Warning: May contain spoilers
Questions and Topics for Discussion

1. Josie, the protagonist of The Taste of Salt, is deeply tied to two places: Cleveland, Ohio, her birthplace, and Woods Hole, Massachusetts, where she makes her life and work. She has very different relationships to each place. Discuss the ways in which the two places differ from each another. To what extent do they function as characters in the novel?

2. Josie's father, Ray, and her brother, Tick, both struggle with alcoholism and other addictions. Does Josie harbor any addictions of her own?

3. While there is alcoholism in the African American community, as in any other community in the United States, relatively few memoirs or novels have been published about it. Why do you think that might be the case?
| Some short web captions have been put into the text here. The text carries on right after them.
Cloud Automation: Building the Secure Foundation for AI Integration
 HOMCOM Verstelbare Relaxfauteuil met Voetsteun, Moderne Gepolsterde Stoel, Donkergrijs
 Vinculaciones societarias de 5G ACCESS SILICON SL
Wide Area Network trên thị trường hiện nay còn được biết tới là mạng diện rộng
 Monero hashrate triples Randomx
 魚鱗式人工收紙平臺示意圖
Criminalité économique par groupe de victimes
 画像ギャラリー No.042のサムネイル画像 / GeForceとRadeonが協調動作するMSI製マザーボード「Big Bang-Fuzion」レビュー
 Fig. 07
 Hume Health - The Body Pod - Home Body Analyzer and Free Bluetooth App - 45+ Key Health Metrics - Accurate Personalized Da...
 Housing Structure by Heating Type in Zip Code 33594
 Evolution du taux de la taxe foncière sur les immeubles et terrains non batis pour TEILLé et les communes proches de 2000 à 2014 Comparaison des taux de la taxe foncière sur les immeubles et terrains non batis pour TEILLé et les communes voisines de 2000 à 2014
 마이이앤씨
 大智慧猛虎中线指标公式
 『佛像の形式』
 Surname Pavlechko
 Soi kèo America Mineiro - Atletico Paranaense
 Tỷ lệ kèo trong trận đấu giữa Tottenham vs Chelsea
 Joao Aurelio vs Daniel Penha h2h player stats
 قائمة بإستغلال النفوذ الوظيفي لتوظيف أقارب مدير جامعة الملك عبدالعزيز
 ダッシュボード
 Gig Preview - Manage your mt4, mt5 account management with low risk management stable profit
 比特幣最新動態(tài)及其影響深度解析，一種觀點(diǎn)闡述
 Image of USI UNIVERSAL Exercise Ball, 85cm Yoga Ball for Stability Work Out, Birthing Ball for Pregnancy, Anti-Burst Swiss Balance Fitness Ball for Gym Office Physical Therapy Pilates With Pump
4. The author uses an interweaving narrative in which each of the six major characters speaks periodically and Josie serves as a kind of overarching consciousness going in and out of various characters' lives. Other novels that have taken this approach to a greater or lesser degree in recent years are Jeffrey Eugenides's Middlesex and Junot Díaz's The Brief Wondrous Life of Oscar Wao. Why do you think Southgate uses this narrative approach?

5. Josie struggles with both the family she came from and her conflicting feelings about being one of the only black scientists in her milieu. Why might successful people try to leave their past (and their families) behind? Do you think it's ever possible to do that?

6. On page 130, Josie says that she doesn't want to "fit the stereotype of black girl with a no 'count brother." Do you think there is such a stereotype? What do you think of Josie's comment and of the way it bonds her to her friend Maren?

7. The characters in the Henderson family have wildly varying reactions to the culture and tenets of Alcoholics Anonymous. What do you think of their range of responses? Are you familiar with the organization? If you are, what are your feelings about it?